═══ Data for this exercise ═══

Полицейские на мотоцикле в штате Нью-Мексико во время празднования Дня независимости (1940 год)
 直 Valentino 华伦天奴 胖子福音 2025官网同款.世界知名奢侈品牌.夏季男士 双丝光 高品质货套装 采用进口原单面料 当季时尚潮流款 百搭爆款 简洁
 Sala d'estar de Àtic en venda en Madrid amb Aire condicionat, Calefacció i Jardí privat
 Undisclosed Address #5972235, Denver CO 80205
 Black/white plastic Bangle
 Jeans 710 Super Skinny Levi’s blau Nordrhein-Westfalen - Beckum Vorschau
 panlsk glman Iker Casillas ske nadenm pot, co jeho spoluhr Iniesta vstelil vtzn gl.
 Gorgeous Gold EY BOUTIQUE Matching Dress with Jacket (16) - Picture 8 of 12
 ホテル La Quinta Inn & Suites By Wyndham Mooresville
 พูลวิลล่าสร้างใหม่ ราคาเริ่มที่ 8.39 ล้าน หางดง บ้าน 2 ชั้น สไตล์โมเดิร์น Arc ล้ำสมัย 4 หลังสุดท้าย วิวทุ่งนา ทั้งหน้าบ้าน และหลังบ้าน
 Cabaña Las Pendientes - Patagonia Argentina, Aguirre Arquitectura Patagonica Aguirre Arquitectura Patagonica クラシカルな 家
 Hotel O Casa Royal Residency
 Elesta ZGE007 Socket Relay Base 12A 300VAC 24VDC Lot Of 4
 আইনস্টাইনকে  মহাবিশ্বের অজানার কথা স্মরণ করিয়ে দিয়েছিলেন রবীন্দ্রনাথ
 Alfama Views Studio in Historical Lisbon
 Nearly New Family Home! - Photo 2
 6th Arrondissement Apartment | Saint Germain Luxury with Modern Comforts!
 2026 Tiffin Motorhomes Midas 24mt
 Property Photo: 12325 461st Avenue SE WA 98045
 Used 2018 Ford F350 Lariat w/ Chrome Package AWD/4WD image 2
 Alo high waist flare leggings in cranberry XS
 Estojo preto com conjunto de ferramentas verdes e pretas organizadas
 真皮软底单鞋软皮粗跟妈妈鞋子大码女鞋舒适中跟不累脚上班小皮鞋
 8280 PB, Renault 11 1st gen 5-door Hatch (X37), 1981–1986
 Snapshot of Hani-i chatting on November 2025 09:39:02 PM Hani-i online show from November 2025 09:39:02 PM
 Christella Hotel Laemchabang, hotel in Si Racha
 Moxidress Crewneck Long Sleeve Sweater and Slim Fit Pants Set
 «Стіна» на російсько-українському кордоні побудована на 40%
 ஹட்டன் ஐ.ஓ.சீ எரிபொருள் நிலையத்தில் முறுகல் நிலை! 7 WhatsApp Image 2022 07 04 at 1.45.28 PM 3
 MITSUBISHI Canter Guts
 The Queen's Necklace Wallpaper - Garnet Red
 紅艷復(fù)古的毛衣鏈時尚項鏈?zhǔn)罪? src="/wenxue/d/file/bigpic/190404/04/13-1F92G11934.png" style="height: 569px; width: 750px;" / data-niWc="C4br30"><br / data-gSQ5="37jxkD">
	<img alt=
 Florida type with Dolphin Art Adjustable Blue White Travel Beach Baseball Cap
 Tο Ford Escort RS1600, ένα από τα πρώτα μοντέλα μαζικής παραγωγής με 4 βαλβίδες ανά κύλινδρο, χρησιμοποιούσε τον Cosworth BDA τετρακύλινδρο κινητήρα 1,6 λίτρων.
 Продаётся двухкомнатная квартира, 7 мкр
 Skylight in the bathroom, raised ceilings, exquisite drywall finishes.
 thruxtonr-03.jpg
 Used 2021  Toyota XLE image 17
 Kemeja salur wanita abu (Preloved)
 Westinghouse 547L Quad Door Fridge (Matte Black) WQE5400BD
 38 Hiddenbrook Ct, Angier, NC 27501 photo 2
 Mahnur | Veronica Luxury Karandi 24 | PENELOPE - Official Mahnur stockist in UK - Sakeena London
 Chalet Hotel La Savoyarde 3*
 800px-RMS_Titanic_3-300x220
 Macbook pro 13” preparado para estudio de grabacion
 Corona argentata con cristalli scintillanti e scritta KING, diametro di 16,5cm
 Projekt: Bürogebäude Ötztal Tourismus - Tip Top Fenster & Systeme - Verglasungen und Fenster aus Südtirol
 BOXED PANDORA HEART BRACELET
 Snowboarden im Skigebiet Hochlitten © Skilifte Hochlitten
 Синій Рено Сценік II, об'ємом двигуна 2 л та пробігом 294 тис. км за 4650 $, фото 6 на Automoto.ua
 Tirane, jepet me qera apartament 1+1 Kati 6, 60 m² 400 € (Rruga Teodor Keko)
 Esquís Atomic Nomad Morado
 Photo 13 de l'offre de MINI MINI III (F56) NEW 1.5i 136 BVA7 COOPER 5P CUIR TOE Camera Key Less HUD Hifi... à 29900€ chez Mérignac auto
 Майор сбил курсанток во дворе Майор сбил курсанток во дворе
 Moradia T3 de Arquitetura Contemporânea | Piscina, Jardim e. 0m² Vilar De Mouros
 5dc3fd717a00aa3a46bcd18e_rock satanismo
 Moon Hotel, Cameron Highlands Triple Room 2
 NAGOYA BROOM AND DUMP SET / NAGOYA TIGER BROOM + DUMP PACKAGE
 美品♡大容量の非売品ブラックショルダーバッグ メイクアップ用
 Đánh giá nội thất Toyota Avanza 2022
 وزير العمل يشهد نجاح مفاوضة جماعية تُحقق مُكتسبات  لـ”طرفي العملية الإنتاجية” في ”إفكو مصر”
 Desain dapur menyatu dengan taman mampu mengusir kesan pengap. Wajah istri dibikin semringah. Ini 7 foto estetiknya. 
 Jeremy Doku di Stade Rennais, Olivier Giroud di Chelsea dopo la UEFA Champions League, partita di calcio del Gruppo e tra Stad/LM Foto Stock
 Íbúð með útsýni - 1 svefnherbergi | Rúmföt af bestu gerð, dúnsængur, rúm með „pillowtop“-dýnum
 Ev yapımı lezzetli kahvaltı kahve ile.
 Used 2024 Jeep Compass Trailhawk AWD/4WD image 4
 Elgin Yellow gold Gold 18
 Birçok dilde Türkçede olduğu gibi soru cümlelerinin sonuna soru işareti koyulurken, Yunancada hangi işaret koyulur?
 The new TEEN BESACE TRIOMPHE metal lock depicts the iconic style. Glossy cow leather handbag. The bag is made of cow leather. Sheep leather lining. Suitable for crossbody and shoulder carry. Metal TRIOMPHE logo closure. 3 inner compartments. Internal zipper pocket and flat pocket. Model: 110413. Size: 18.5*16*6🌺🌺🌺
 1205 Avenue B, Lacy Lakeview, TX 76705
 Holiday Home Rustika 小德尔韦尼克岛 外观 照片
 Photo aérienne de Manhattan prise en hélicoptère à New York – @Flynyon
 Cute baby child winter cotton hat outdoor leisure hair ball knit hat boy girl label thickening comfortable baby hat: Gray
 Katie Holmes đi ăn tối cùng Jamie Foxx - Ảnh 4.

═══

> **About this task**
Return the span of lines in the data above that opens at the line with "Used 2018 Ford" and closes at the line with "8280 PB, Renault", exactly, ends included, nothing else.

> **Reply**
 Used 2018 Ford F350 Lariat w/ Chrome Package AWD/4WD image 2
 Alo high waist flare leggings in cranberry XS
 Estojo preto com conjunto de ferramentas verdes e pretas organizadas
 真皮软底单鞋软皮粗跟妈妈鞋子大码女鞋舒适中跟不累脚上班小皮鞋
 8280 PB, Renault 11 1st gen 5-door Hatch (X37), 1981–1986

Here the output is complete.